4. Logistic Classification

Classification

이전의 연속적인 값 예측을 다뤘던 Regression과는 달리 정해진 카테고리를 정하는 것
Binary Classification : 0 or 1로 분류

좌 : Classification, 우 : Regression

Logistic Hypothesis

기존의 가설 함수 $H(x) = Wx + b$는 0과 1 사이의 값만을 보장X
0 ~ 1 사이의 값만 가지도록 하는 함수가 필요

⇒ **Sigmoid function (logisitic function)**의 등장

$g(z) = \frac 1 {(1 + e^{-z})}$ $z = Wx$ $H(x) = g(z)$
- Decision Boundary : 분류를 위한 기준(Regression → Classification)
  - $g(z)$의 값이 0.5이상 ⇒ 1
  - $g(z)$의 값이 0.5 미만 ⇒ 0

$\therefore \ H(X) = \frac 1 {1 + e^{-W^T X}}$

Logistic Regression Cost Function

현재 가설함수 : $H(X) = \frac 1 {1 + e^{-W^T X}}$
기존의 비용 함수 : ****

$cost(W)=\frac { 1 }{ m } \sum _{i=1}^{m}{ { (Wx_i}-y_i{ } })^{ 2 }$
오른쪽과 같은 그래프 나오게 됨
Local Minimum 으로 인해 모델 성능 하락 ⇒ Global Minimum을 보장 못함
Convex Function X

새로운 Cost Function 필요

$cost(W) = \frac 1 m \sum c(H(x),\ y)$, $y$는 실제 값

$c(H(x), \ y) = \begin{cases}-log(H(x))\quad \quad \ \ \ (y = 1)\\ -log(1-H(x))\quad (y = 0) \end{cases}$

y = 1

y = -1

실제 $y = 1$ 일 때
- $H(x) = 1 \rightarrow cost(1) = 0$
- $H(x) = 0 \rightarrow cost(0) = \infin$
실제 $y = 0$ 일 때
- $H(x) = 0 \rightarrow cost(1) = 0$
- $H(x) = 1 \rightarrow cost(0) = \infin$

$\rightarrow c(H(x),\ y) = -ylog(H(x)) - (1-y)log(1-H(x))$

코드를 간소화하기 위해 1줄로

$y=1, c = -log(H(x))$

$y = 0, c=-1*log(1-H(x))$

$\therefore cost(W) = -\frac 1 m \sum ylog(H(x)) - (1-y)log(1-H(x))$

$W:=W - \alpha\frac{ \partial } {\partial W } cost(W)$

import numpy as np
import matplotlib.pyplot as plt
import tensorflow as tf

x_train = [[1., 2.], [2., 3.], [3., 1.], [4., 3.], [5., 3.], [6., 2.]]
y_train = [[0.], [0.], [0.], [1.], [1.], [1.]]

x_test = [[5., 2.]]
y_test = [[1.]]

x1 = [x[0] for x in x_train]
x2 = [x[1] for x in x_train]

colors = [int(y[0] % 3) for y in y_train]
plt.scatter(x1, x2, c = colors, marker='^')
plt.scatter(x_test[0][0], x_test[0][1], c='red')

plt.xlabel('x1')
plt.ylabel('x2')
plt.show()

#Tensorflow data API를 통해 학습시킬 값들을 담는다 (Batch Size는 한번에 학습시킬 Size로 정한다)
# features,labels는 실재 학습에 쓰일 Data (연산을 위해 Type를 맞춰준다)
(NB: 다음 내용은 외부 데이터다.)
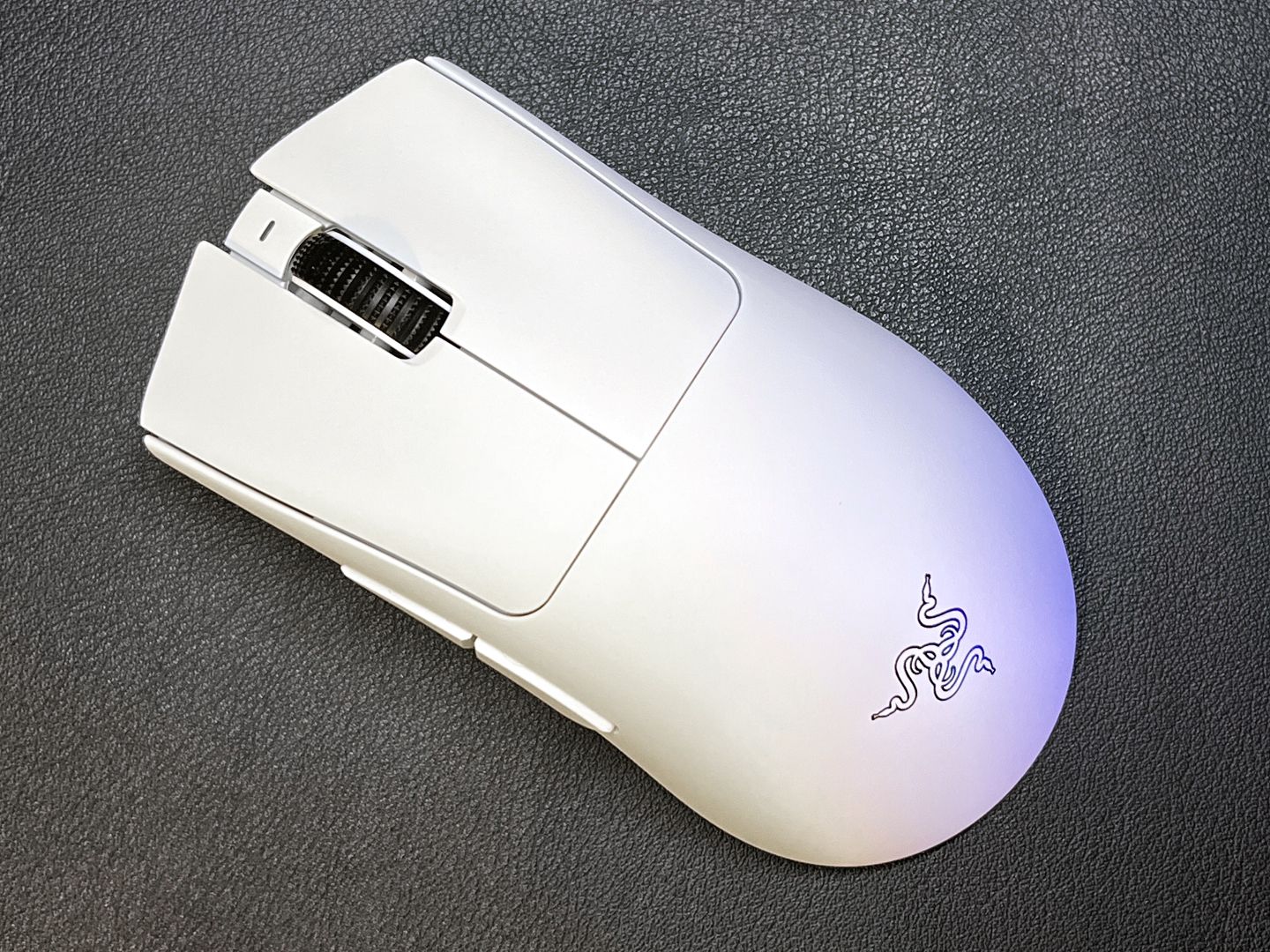 【RAZER】DEATHADDER V3 PRO Razer DeathAdder V3 Pro Wireless Esports Gaming Mouse, 64g
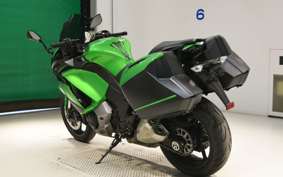 KAWASAKI NINJA 1000 A 2017 ZXT00W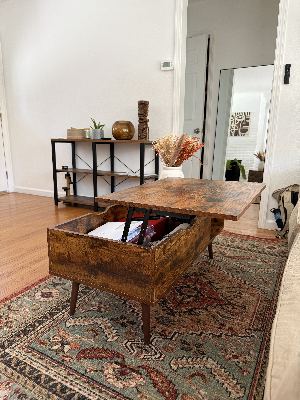 Coffee table 3
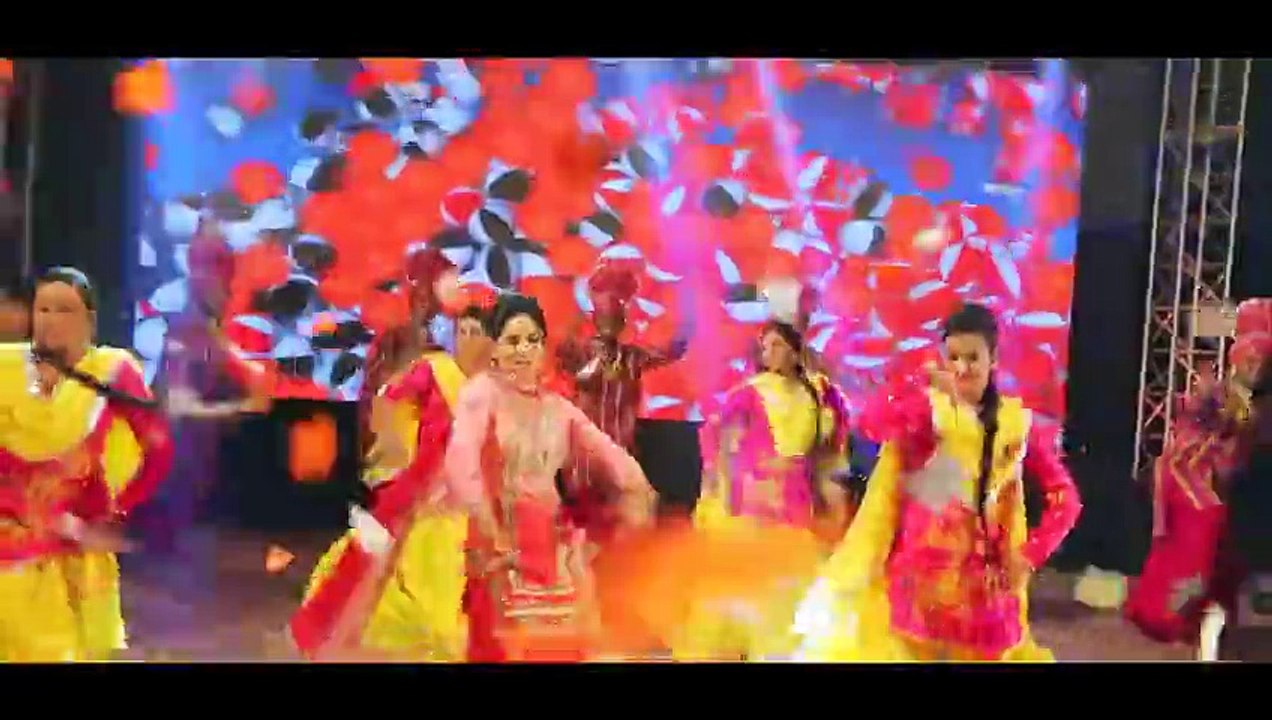 Miss Pooja - Gidha - Aah Chak 2014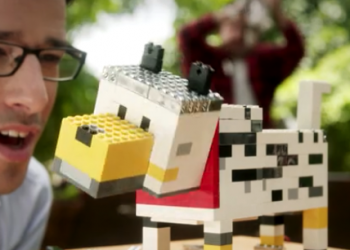 可以自由設計組成拆解，看起來像樂高但能完成各種需求的 Brixo ！ - 電腦王阿達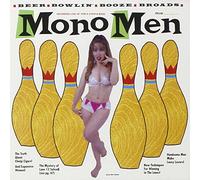 Mono Men - Live at Tom's Strip N' Bowl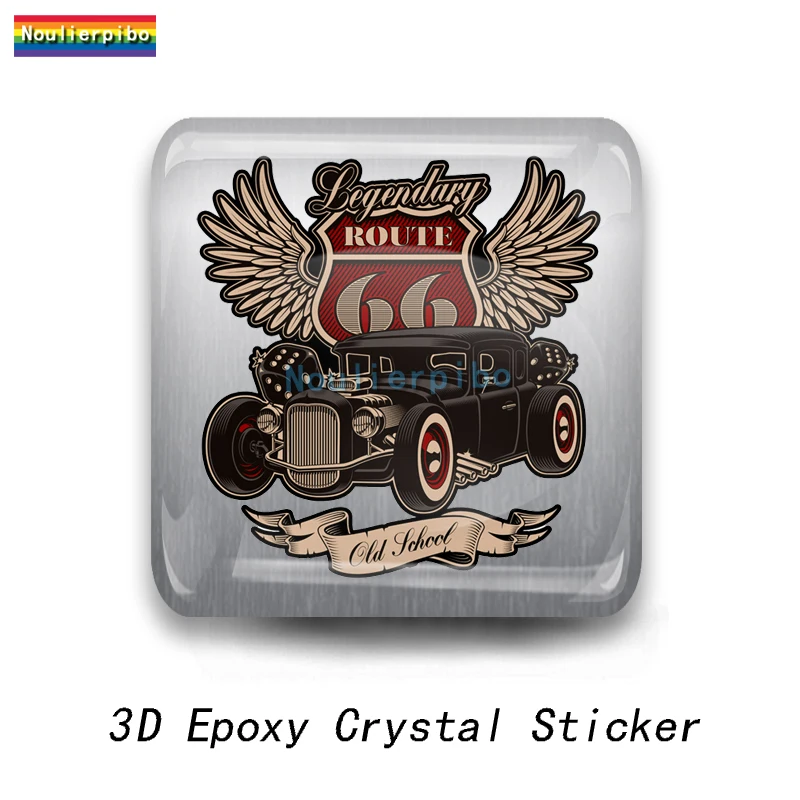 Adesivo Ovale Retrò Nero Argento Adesivo Ovale Auto UK 130x76 Mm Stile Retrò: Nero Su Argento, Effetto Gel Lucido A Cupola - Perfetto Per Personalizzare Adesivi Yamaha Xmax - Foto 6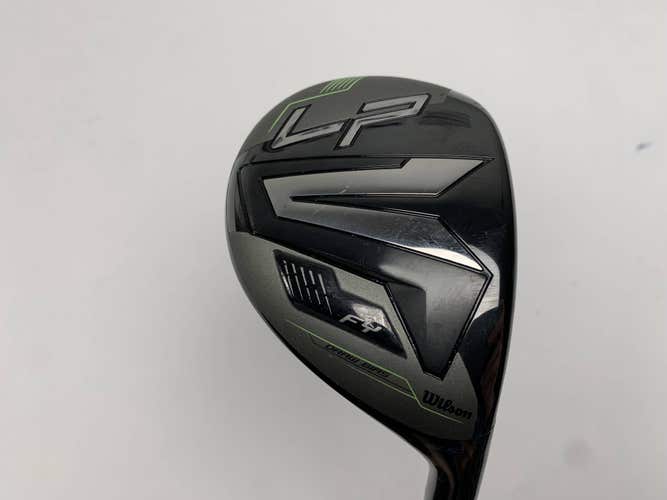 Wilson Launch Pad 2 Hybrid 19.5* Project X EvenFlow 5.5 65g Regular RH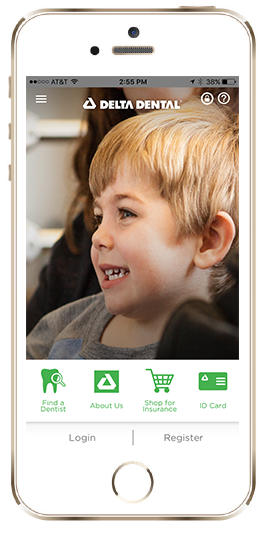 Delta Dental Mobile app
dataset = tf.data.Dataset.from_tensor_slices((x_train, y_train))  # [0, 0] [0] * 6

W = tf.Variable(tf.zeros([2, 1]), name = 'weight')  
b = tf.Variable(tf.zeros([1]), name = 'bias')
"""
X [0, 0] W 0   + b[0] = H(X)
           0
"""

def logistic_regression(features):
    hypothesis = tf.divide(1., 1. + tf.exp(-tf.matmul(features, W) + b)) 
    # 1 / 1 + e^x
    # x = H(X) = XW + b
    return hypothesis

def loss_fn(hypothesis, labels):
    cost = -tf.reduce_mean(labels * tf.math.log(hypothesis) + (1 - labels) * tf.math.log(1 - hypothesis))
    # cost(h(x), y) = -ylog(h(x)) - (1 - y)log(1 - h(x))
    return cost

# Gradient Descent
optimizer = tf.keras.optimizers.SGD(learning_rate = 0.01)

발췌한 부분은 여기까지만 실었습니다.